__Task details__: All of the listing, from first line to last, should be output exactly; the pictures stay out.

== Segment start ==

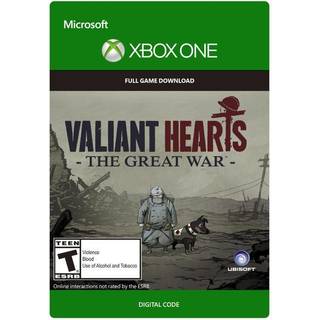 Valiant Hearts: The Great War (Xbox One) - Xbox Live Key - GLOBAL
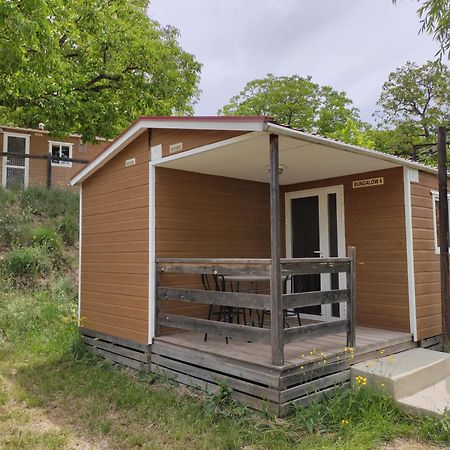 Camping Las Nogueras De Nerpio Dış mekan fotoğraf
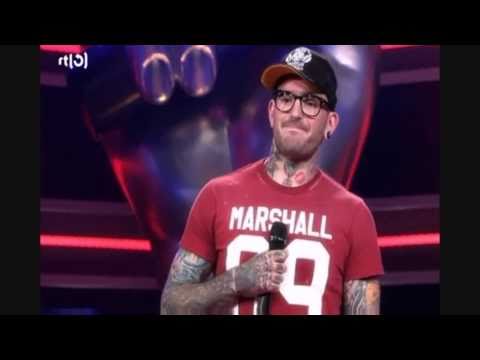 Ben Saunders - Use Somebody @ Live On The Voice Of Holland!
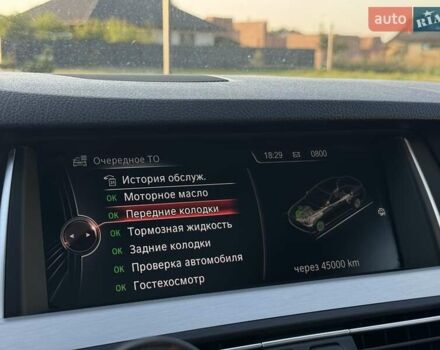 Черный БМВ 5 Серия, объемом двигателя 2 л и пробегом 287 тыс. км за 20999 $, фото 33 на Automoto.ua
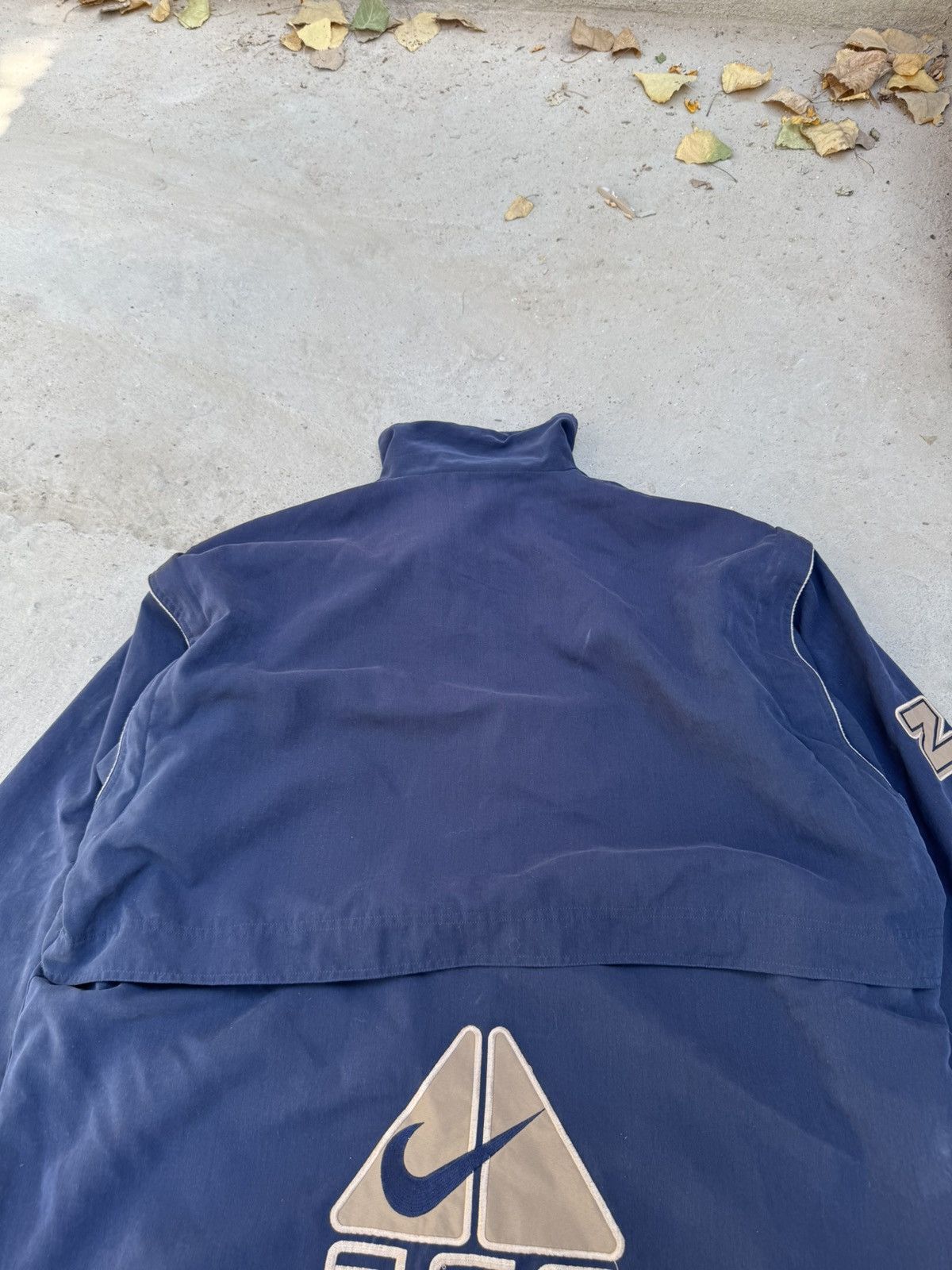 Nike ACG VERY RARE TRANSFORMER NIKE ACG JACKET TRIPLE LOGO Size US XXL / EU 58 / 5 - 6 Thumbnail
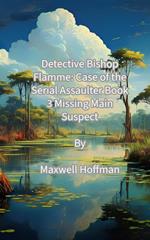 Detective Bishop Flamme: Case of the Serial Assaulter Book 3 Missing Main Suspect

== Segment end ==

__Task solution__:
 Valiant Hearts: The Great War (Xbox One) - Xbox Live Key - GLOBAL
 Camping Las Nogueras De Nerpio Dış mekan fotoğraf
 Ben Saunders - Use Somebody @ Live On The Voice Of Holland!
 Черный БМВ 5 Серия, объемом двигателя 2 л и пробегом 287 тыс. км за 20999 $, фото 33 на Automoto.ua
 Nike ACG VERY RARE TRANSFORMER NIKE ACG JACKET TRIPLE LOGO Size US XXL / EU 58 / 5 - 6 Thumbnail
 Detective Bishop Flamme: Case of the Serial Assaulter Book 3 Missing Main Suspect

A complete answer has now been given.